We are setting a few things here:
- Create an ingress resource
- Specify affinity rules to ensure that pod can only be created in either of two specific zones in Azure
- Indicate we want to use our pre-created PVC jenkins-pvc
Content of jenkins.values.yaml
controller:
ingress:
enabled: true
annotations:
kubernetes.io/ingress.class: nginx
hostName: jenkins.example.com
affinity:
nodeAffinity:
requiredDuringSchedulingIgnoredDuringExecution:
nodeSelectorTerms:
- matchExpressions:
- key: topology.kubernetes.io/zone
operator: In
values:
- westus2-1
- westus2-2
persistence:
existingClaim: jenkins-pvc
Then we deploy jenkins.
helm repo add jenkins https://charts.jenkins.io
helm repo update
helm install jenkins jenkins/jenkins \
--namespace default \
-f jenkins.values.yaml
To verify if managed disk has been attached check latest events on jenkins pod with command kubectl describe pod jenkins-0.
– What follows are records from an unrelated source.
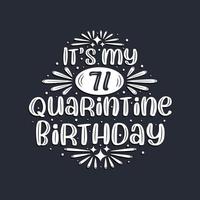 It's my 71 Quarantine birthday, 71 years birthday design. vector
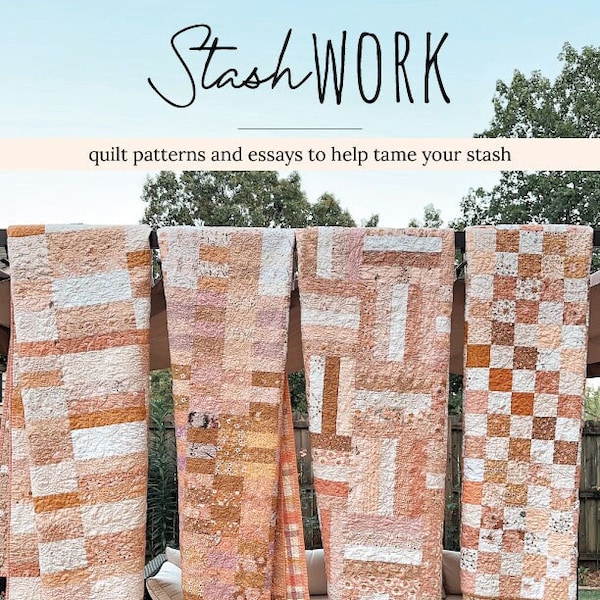 StashWork - book by Melanie Traylor of Southern Charm Quilts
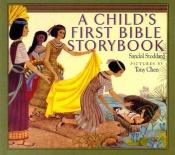 book cover of A Child's First Bible Storybook by Sandol Stoddard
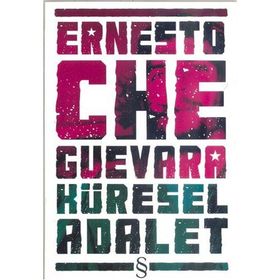 KÜRESEL ADALET - ERNESTO CHE GUEVARA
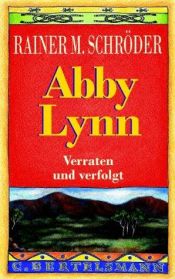 book cover of Abby Lynn. Verraten und verfolgt. cbt by Rainer Maria Schröder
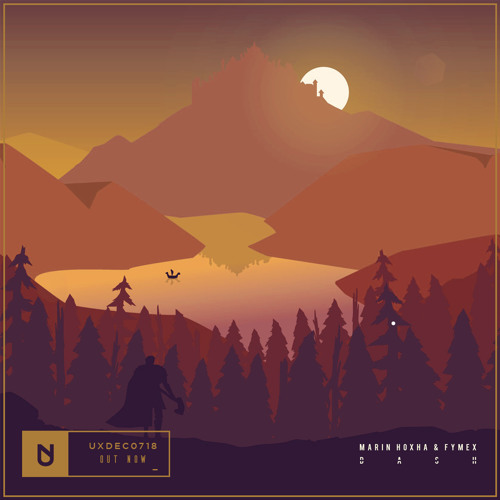 Marin Hoxha & Fymex - Dash [UXN Release]
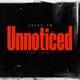 Unnoticed Single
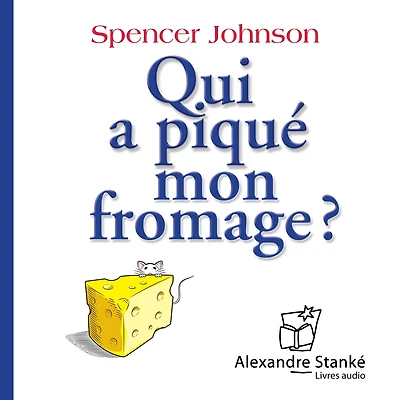 Qui a piqué mon fromage ?: Comment s'adapter au changement au travail, en famille et en amour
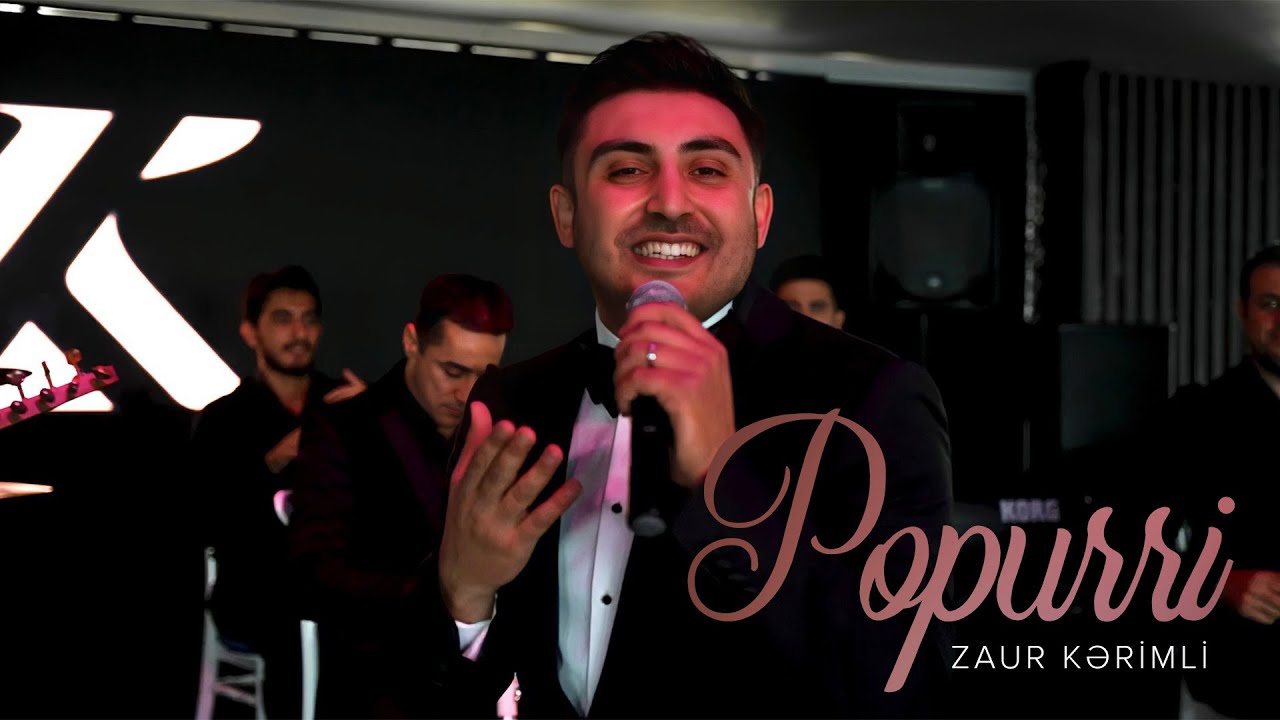 Zaur Kərimli &mdash; Popurri | 2024 (Rəsmi Musiqi Videosu)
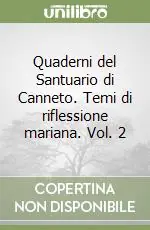 Quaderni del Santuario di Canneto. Temi di riflessione mariana. Vol. 2 Quantità Limitata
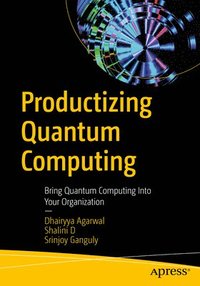 bokomslag Productizing Quantum Computing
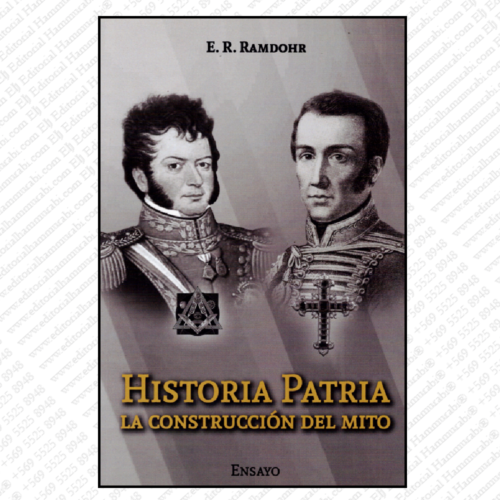 HISTORIA PATRIA: la construcción del mito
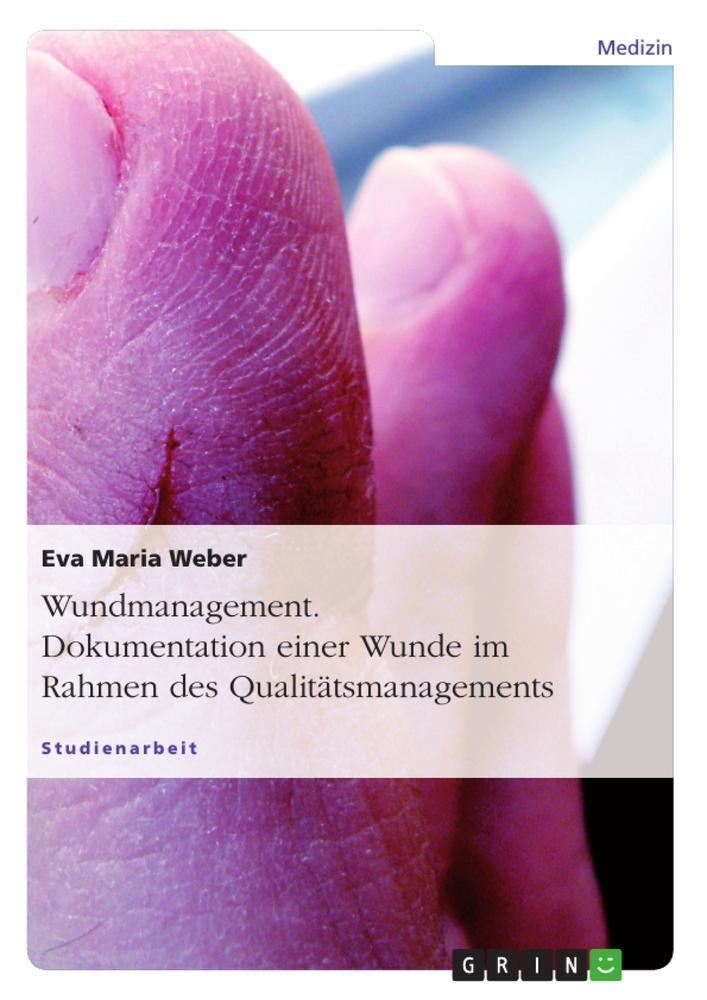 Cover: 9783638937672 | Wundmanagement. Dokumentation einer Wunde im Rahmen des...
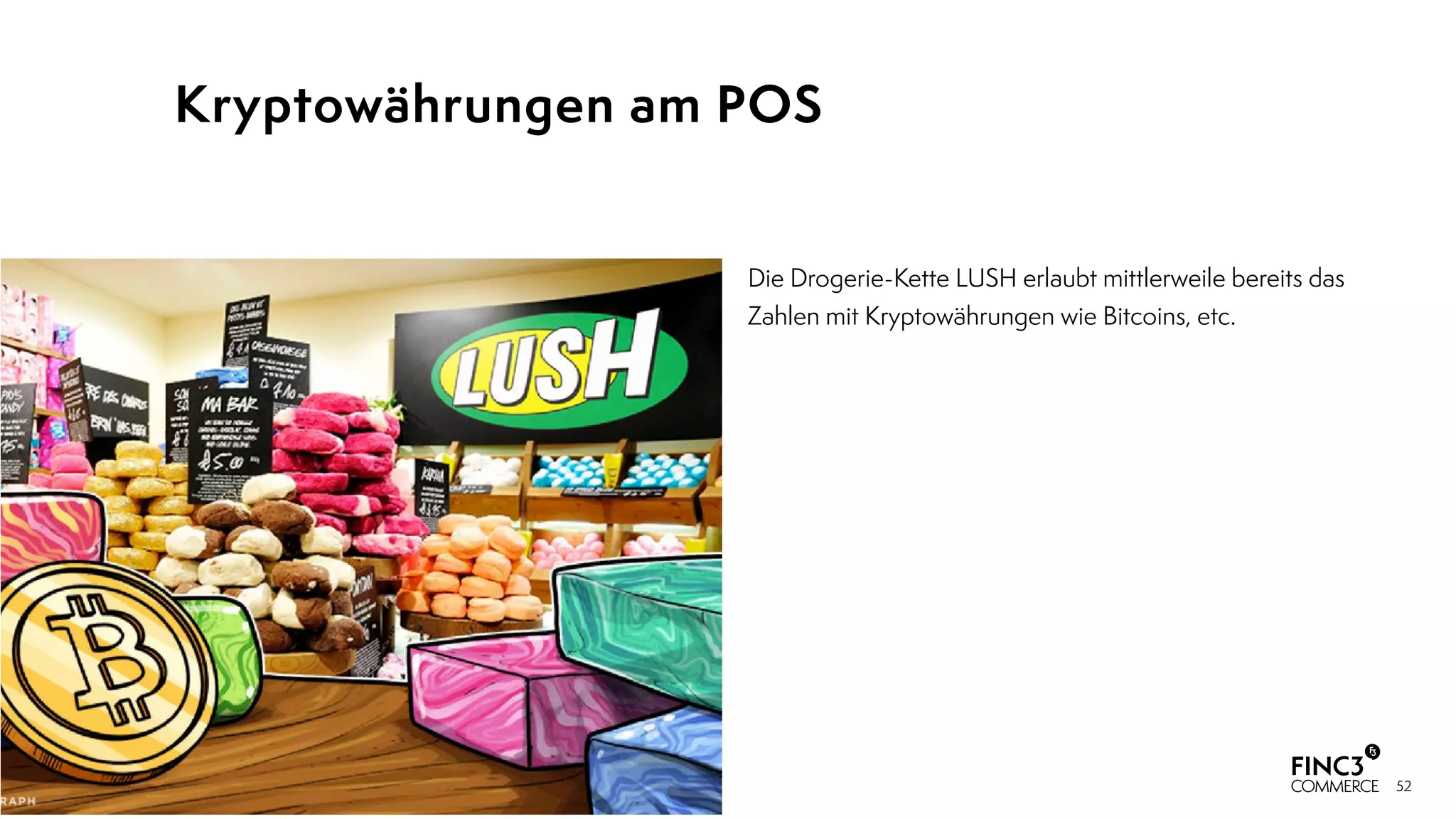 52
Kryptowährungen am POS
Die Drogerie-Kette LUSH erlaubt mittlerweile bereits das
Zahlen mit Kryptowährungen wie Bitcoins, etc.
 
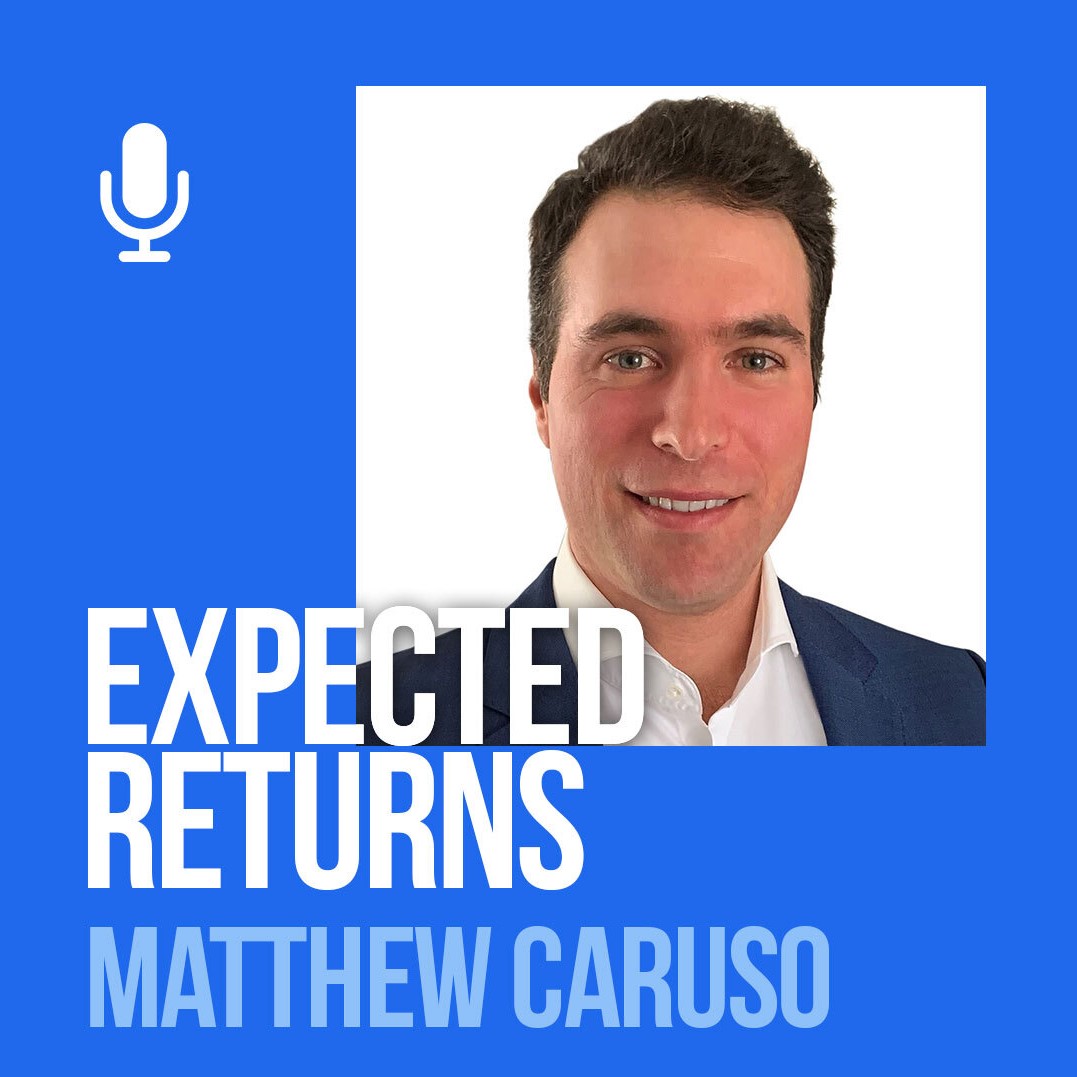 Ep 167: Matt Caruso: Managing Expected Returns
Also as you can see our pod has been deployed to node pool in zone 2.
Type Reason Age From Message
---- ------ ---- ---- -------
Normal Scheduled 67s default-scheduler Successfully assigned default/jenkins-0 to aks-poolzone2-27948138-vmss000000
Normal SuccessfulAttachVolume 58s attachdetach-controller AttachVolume.Attach succeeded for volume "jenkins-pv"
Now from the client machine which has private network access to Jenkins subnet, we will try to open Jenkins website, since we are using ingress resource make sure to link IP of NGINX Ingress Controller in our case 10.0.1.251 with the custom hostname which we specified in Helm values files.
You can login with username admin and password which as been generated and it’s located in secret called jenkins which is in the same namespace as jenkins deployment.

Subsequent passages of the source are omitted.